You stated that you got back together after less than three months. If you got back together at the same time as coming back to Islam, then your marriage contract remains valid, if you came back to Islam before the end of the ‘iddah.

So if your husband is now in jail and you want to separate from him, you have no choice but to ask for talaaq (divorce) or khul‘.

It is not permissible to ask for that except for a valid shar‘i reason, such as if the husband is persisting in evil deeds such as zina (fornication) or drinking alcohol, or if the wife dislikes him and cannot bear to stay with him.

Khul‘ involves the woman giving up her mahr, or part of it, or giving her husband money, according to what they agree upon.

As you have not taken your mahr from him, khul‘ may be done by waiving your right to this mahr or part of it. Once the talaaq or khul‘ is concluded, then you must observe ‘iddah from the time when the talaaq or khul‘ was concluded. Then after your ‘iddah is over, you may marry whomever you want. The iddah of a woman who is divorced by talaaq is what has been explained above: if she is pregnant then it is until she gives birth, and if she menstruates then it is three menstrual cycles. In the case of khul‘ the ‘iddah is one menstrual cycle, but if she is pregnant, then it is until she gives birth.

See also fatwa no. 14569.

If you got back together without coming back to Islam, or if either you or your husband delayed returning to Islam until the ‘iddah had ended, then the marriage contract is annulled according to the majority of fuqaha’.

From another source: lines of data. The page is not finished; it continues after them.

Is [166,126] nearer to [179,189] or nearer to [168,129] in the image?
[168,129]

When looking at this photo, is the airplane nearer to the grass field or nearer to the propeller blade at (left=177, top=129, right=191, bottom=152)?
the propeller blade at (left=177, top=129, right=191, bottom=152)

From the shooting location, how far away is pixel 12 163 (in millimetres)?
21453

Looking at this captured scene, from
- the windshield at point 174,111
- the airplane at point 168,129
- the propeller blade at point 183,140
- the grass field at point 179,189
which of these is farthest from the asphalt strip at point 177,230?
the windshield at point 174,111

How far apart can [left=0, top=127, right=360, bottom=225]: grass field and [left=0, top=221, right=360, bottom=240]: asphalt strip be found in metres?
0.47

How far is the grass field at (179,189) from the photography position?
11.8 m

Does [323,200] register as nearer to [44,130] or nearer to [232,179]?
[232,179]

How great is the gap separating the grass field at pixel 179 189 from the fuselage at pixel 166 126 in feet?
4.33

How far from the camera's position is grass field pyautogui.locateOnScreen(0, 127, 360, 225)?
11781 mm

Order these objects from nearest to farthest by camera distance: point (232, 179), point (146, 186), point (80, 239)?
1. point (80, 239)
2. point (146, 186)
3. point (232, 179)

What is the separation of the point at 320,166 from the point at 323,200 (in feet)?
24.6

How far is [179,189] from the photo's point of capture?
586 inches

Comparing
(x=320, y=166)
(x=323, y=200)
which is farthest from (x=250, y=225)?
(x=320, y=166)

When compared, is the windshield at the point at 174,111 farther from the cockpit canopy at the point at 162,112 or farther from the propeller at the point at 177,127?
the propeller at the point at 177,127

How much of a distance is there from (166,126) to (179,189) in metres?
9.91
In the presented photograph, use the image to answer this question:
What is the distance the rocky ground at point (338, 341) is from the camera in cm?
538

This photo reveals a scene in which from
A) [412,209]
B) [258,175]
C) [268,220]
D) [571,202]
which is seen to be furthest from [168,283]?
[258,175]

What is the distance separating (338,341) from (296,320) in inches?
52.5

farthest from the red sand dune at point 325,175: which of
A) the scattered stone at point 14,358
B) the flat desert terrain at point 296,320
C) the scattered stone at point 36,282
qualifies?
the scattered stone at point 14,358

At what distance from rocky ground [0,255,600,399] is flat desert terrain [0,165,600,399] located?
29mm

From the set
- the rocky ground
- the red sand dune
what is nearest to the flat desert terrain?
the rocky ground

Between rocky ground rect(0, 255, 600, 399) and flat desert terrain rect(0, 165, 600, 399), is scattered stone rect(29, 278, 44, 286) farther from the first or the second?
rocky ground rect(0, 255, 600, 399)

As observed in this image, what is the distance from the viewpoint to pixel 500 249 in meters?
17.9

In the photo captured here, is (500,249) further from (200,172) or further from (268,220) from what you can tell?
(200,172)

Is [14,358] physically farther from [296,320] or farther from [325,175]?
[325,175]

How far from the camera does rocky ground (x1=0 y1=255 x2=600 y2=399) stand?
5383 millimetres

We stated above that there are some scholars who say that the couple’s marriage contract remains valid, if the wife agrees to that.

What appears to be the case from your question is that you do not want to stay with this man. As that is the case, we say: if the ‘iddah ended before you both came back to Islam, or before he came back to Islam, then your marriage contract has been annulled, and it is permissible for you to marry someone else.

In that case:

If you had one menstrual cycle after the last time you were together, then you do not need to establish that you are not pregnant (by waiting for another menstrual cycle). If that is not the case, then you should not marry anyone else until you have established that you are not pregnant, by waiting for one menstrual cycle, because of the general meaning of the words of the Prophet (blessings and peace of Allah be upon him) concerning the female captives of Awtaas: “No one should have intercourse with a pregnant woman until she has given birth, or with one who is not pregnant until one menstrual cycle has passed.” Narrated by Abu Dawood (2157) and at-Tirmidhi (1564); classed as saheeh by al-Albaani in Saheeh Abi Dawood.

And Allah knows best.

Whatever written of Truth and benefit is only due to Allah's Assistance and Guidance, and whatever of error is of me. Allah Alone Knows Best and He is the Only Source of Strength.